Côté paraguayen, l’ONG internationale Mighty Earth rappelle que les forêts sèches du Chaco au Paraguay sont « un des principaux foyers de déforestation au monde, principalement pour l’extension de l’élevage, et plus récemment pour le soja ».
Face au désastre dans le delta du Parana, le gouvernement argentin a lui-même pointé du doigt la responsabilité des éleveurs bovins, accusé d’allumer des feux pour « étendre les zones d’élevage ».
Parallèlement, les ONG dénoncent le manque de moyens financiers alloués par les gouvernements pour faire respecter la réglementation et mettre en place de véritables programmes de prévention à grande échelle.

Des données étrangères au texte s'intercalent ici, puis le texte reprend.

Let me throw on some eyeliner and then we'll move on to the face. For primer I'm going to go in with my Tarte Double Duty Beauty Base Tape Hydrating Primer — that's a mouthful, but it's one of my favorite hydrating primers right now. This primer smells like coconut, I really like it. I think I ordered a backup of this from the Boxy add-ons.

« Le gouvernement provincial a de moins en moins de budget pour la prévention, il n’y a pas de postes de surveillance, la police environnementale a été démantelée », déplore auprès de l’AFP Alfredo Leytes, membre de Ambiente en Lucha, un collectif environemmental de Cordoba.
Au Brésil, « on a constaté une baisse de 58% des contrats de +brigadistas+ » ces volontaires formés pour être mobilisés contre les incendies, relève Alice Thuault, de l’ONG Institut Centro de vida, qui pointe la responsabilité des positions anti-environnementales du gouvernement de Jair Bolsonaro.

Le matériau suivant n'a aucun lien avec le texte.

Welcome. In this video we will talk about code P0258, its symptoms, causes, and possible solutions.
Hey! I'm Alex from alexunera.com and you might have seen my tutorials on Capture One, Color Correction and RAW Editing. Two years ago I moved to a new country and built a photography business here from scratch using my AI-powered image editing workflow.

Alors que les épisodes de sécheresse devraient se multiplier en raison du réchauffement climatique, Elizabeth Möhle plaide surout pour « un dialogue entre les différents acteurs », agriculteurs, éleveurs, autorités, écologistes, afin de « réglementer l’usage des territoires et assurer un développement plus durable qui pour l’heure n’existe pas ».